Why are rugs so amazingly expensive? It's insane.
While on the plane yesterday, I had to open the lavatory door for six people who couldn't figure out how to do it (I was in the very rear, sitting right across from it). Everyone handled their embarrassment pretty well, and one of the little old guys I helped was sooo sweet. But that seems like a pretty high number for one plane ride to not be able to open the door.
Well, go ahead and call me a sentimental fool, but for the first time I can remember, Dad has a picture of the two of us on his desktop. I am on his desktop. That actually means a lot to me; is that sad?
Today, I had some fruit on the bottom soy yogurt that Jennie left behind. It wasn't bad, though it did have a rather outrageous amount of calories. And right now, my first time trying red zinger tea. ...after it cools down enough.
Speaking of cooling down, Dad turned down the temperature of the hot water in the basement last night, but he did it in the dark, so he couldn't see that he turned it down to Not Even Tepid. I was prepared to forego my bath this morning, but luckily Dad came home for his goof-off time and put everything to rights with the water heater(sort of; it's still a little cold).
Red zinger just does not smell good. I'm having difficulty steeling myself to drink it.
Be my Netflix friend! (ahem, Brad). And Ben K, we're only 68% similar, not the 80something% you said.

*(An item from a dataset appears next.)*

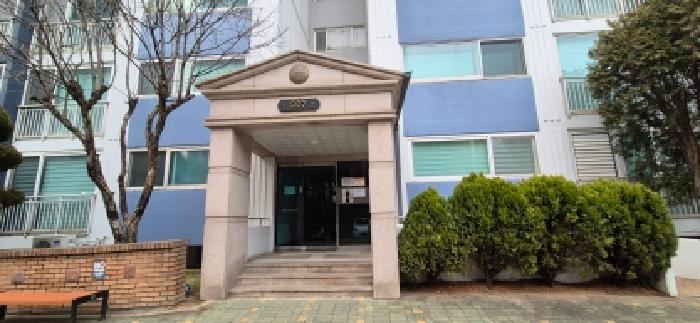 청송마을 307동 13층1301호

Right now, I'm reading The Unbearable Lightness of Being, by Milan Kundera. I stole it from Ben's bookshelf, and he says he didn't even finish it, because he didn't like it. Ooh, someone should start a website for books sort of like the friends section of Netflix, where you say what you're reading, and can rate past books, and have friends and compare your taste. Brilliant. Anyways, I was just thinking that, unsurprisingly, I have rather different taste in books than Ben, and so far I really like this. Well-written modern fiction is not often something that I read, so this is new territory for me. I typically think of a piece of fiction as being plot with philosophical ideas laced throughout it. The Unbearable Lightness of Being, though, seems like a book about philosophical ideas with occasional snatches of story illustrating them. It's weird. And I don't think I like that, but what I do like is the array of flawed characters. In the third chapter, one of the main characters stands around wondering if he's in love or not. Actually, let me just make this an excerpt:
Now he was standing at the window trying to call that moment to account. What could it have been if not love declaring itself to him?
But was it love? ... Was it simply the hysteria of a man who, aware deep down of his ineptitude for love, felt the self-deluding need to simulate it? His unconscious was so cowardly that the best partner it could choose for its little comedy was this miserable provincial waitress with practically no chance at all to enter his life!
Looking out over the courtyard at the dirty walls, he realized he had no idea whether it was hysteria or love.
And he was distressed that in a situation where a real man would instantly have known how to act, he was vacillating and therefore depriving the most beutiful moments he had ever experienced ... of their meaning.
He remained annoyed with himself until he realized that not knowing what he wanted was actually quite natural.
I just thought that nicely captured what is, for me, a very real sensation. Red zinger tea is disgusting. Uch!!